3. A Sad Way to Eat: High-fat diets alter the intestinal microbiome that in turns affects mood and behavior, state researchers at Louisiana State University. In this study, healthy adult mice maintained on normal diets received transplants of gut microbiota from donor mice that had been fed high-fat or control diets. The recipient mice were monitored for changes in mental function and behavior. Results showed that mice who received the microbiota shaped by high-fat diets showed multiple problems in behavior, including increased anxiety, impaired memory, and repetitive behaviors. They also had increased intestinal permeability and markers of inflammation. Signs of inflammation in the brain may have contributed to the behavioral changes.
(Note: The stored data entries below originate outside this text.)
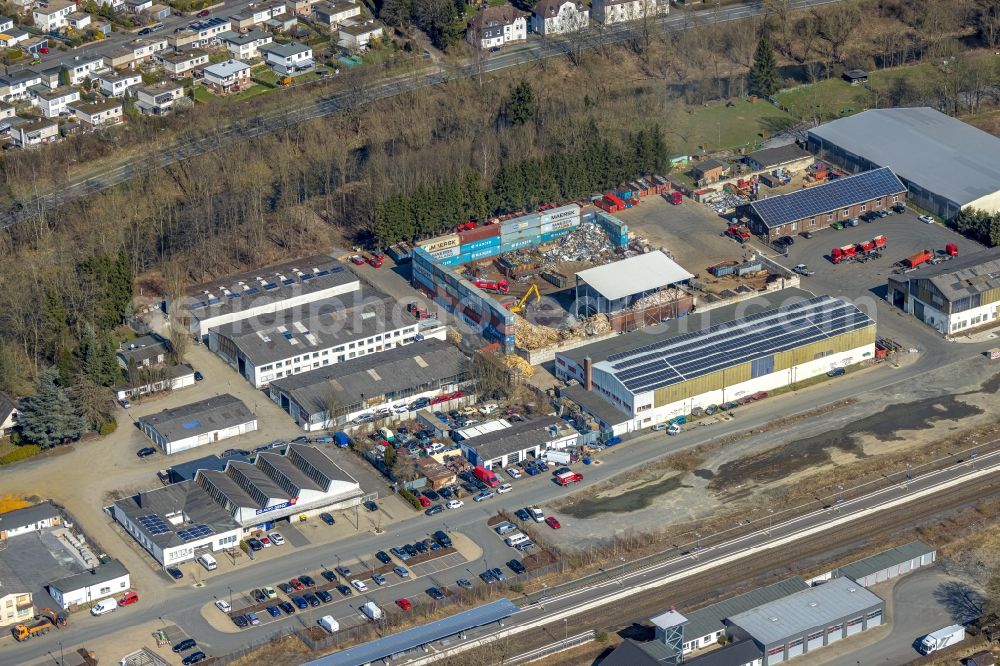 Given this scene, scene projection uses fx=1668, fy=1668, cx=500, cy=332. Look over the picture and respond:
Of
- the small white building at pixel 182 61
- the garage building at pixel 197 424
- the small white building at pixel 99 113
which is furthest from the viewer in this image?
the small white building at pixel 182 61

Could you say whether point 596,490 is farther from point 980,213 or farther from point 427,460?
point 980,213

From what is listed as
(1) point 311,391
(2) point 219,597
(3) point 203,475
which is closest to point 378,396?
(1) point 311,391

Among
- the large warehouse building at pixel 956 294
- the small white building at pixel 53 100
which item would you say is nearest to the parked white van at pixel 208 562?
the large warehouse building at pixel 956 294

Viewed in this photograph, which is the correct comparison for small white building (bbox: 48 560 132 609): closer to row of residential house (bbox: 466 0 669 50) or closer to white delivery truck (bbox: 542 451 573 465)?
white delivery truck (bbox: 542 451 573 465)

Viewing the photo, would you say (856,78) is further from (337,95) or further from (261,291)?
(261,291)

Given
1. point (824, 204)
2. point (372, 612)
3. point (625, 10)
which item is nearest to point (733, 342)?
point (824, 204)

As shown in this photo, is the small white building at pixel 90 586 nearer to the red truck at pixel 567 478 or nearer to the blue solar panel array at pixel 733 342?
the red truck at pixel 567 478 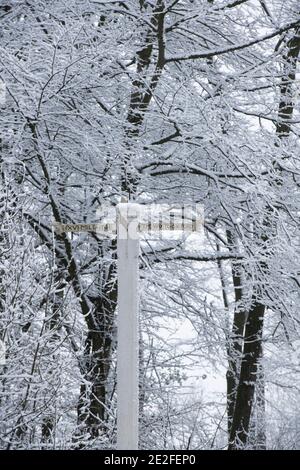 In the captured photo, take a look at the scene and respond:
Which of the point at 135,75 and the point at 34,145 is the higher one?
the point at 135,75

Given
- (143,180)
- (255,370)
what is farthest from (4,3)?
(255,370)

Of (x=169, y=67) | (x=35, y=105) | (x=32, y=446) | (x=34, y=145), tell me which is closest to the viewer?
(x=32, y=446)

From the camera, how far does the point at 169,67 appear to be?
33.4ft

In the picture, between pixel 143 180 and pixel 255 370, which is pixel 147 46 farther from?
pixel 255 370

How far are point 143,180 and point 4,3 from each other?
2455 mm

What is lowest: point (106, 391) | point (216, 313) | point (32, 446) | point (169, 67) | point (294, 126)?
point (32, 446)

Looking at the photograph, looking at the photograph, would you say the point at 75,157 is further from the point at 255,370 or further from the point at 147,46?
the point at 255,370

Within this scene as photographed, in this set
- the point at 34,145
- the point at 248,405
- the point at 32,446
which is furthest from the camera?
the point at 248,405

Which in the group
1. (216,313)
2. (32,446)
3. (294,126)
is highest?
(294,126)

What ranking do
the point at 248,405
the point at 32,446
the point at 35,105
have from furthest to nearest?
the point at 248,405, the point at 35,105, the point at 32,446

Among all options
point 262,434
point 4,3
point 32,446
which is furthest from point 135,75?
point 262,434

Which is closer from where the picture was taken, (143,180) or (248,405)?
(143,180)

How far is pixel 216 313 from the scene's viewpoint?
1057cm

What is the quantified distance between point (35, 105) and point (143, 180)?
5.19 ft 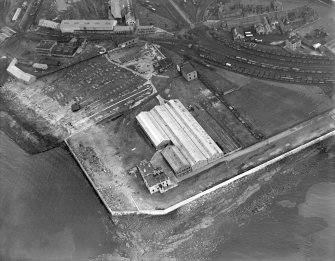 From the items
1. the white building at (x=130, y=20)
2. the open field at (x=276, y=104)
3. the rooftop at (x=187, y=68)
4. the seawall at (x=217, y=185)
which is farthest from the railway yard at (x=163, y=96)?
the white building at (x=130, y=20)

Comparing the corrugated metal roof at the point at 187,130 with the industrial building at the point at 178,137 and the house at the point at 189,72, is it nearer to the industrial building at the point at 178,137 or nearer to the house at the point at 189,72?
the industrial building at the point at 178,137

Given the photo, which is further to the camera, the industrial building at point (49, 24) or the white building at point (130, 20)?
the industrial building at point (49, 24)

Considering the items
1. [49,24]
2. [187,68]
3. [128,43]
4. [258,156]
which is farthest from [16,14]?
[258,156]

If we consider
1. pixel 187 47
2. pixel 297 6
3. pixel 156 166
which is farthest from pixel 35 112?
pixel 297 6

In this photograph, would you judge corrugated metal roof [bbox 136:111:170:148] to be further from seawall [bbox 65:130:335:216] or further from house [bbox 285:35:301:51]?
house [bbox 285:35:301:51]

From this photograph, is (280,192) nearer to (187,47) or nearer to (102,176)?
(102,176)

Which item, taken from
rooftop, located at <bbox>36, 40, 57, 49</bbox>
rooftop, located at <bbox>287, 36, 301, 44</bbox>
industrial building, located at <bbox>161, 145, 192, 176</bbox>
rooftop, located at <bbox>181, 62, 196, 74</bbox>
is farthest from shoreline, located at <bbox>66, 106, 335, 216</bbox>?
rooftop, located at <bbox>36, 40, 57, 49</bbox> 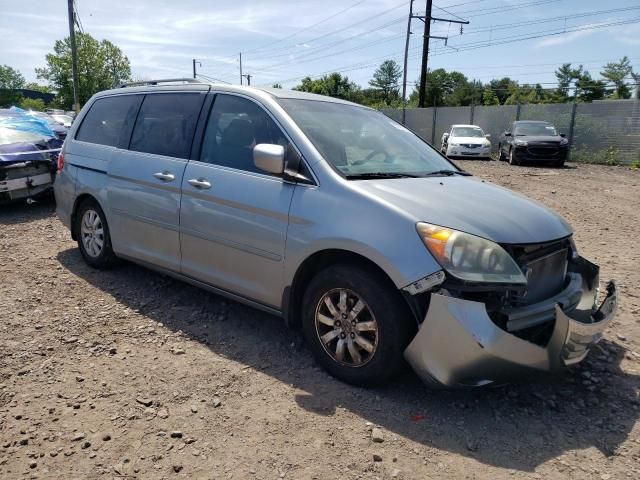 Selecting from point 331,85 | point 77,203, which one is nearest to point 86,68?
point 331,85

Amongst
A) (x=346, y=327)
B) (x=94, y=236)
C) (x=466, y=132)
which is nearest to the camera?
(x=346, y=327)

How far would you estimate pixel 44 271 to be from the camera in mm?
5297

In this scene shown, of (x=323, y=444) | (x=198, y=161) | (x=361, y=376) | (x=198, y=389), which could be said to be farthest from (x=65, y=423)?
(x=198, y=161)

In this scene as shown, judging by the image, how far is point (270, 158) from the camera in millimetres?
3271

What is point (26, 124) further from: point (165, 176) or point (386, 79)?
point (386, 79)

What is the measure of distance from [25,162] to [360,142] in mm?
6564

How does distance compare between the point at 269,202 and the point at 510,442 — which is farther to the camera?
the point at 269,202

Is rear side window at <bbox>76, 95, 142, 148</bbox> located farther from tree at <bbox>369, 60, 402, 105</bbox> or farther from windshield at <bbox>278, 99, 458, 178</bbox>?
tree at <bbox>369, 60, 402, 105</bbox>

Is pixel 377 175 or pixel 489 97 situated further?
pixel 489 97

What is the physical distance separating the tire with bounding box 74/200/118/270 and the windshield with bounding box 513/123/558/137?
647 inches

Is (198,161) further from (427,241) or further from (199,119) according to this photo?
(427,241)

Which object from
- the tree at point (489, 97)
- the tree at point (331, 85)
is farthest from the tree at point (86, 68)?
the tree at point (489, 97)

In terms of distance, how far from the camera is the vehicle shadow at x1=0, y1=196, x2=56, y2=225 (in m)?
7.82

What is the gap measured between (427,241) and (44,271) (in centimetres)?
426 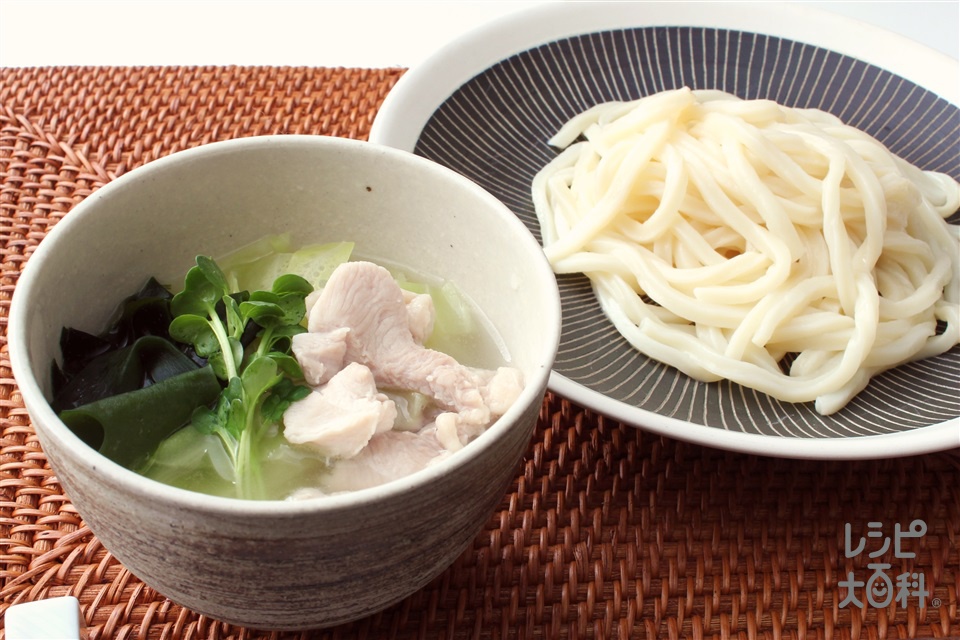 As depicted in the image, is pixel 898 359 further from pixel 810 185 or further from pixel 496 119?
pixel 496 119

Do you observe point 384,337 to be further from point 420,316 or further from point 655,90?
point 655,90

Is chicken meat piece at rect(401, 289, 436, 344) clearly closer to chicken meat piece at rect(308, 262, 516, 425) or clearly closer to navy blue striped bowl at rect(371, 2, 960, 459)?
chicken meat piece at rect(308, 262, 516, 425)

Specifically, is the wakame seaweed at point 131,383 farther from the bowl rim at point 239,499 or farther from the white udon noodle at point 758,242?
the white udon noodle at point 758,242

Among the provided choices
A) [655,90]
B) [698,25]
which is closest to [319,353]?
[655,90]

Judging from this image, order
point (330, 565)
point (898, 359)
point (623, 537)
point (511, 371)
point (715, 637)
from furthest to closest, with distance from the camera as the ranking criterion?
point (898, 359) < point (623, 537) < point (715, 637) < point (511, 371) < point (330, 565)

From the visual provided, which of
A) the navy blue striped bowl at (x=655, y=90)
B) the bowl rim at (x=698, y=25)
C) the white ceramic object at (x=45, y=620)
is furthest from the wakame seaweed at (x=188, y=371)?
the bowl rim at (x=698, y=25)

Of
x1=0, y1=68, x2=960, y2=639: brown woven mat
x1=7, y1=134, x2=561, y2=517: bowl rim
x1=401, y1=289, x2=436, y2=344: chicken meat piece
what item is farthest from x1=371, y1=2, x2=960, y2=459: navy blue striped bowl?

The researchers conclude that, “…high-fat diets impair brain health, in part, by disrupting the symbiotic relationship between humans and the microorganisms that occupy our gastrointestinal tracks.” These changes occur even in the absence of obesity. (The microbiome consists of trillions of microorganisms, many if not most, reside in the intestinal tract. These microbiota are critical for normal physiological function and may contribute to the host’s susceptibility to illness. According to this study and a growing body of research, the characteristics of this microbiota also impact cognition and behavior. )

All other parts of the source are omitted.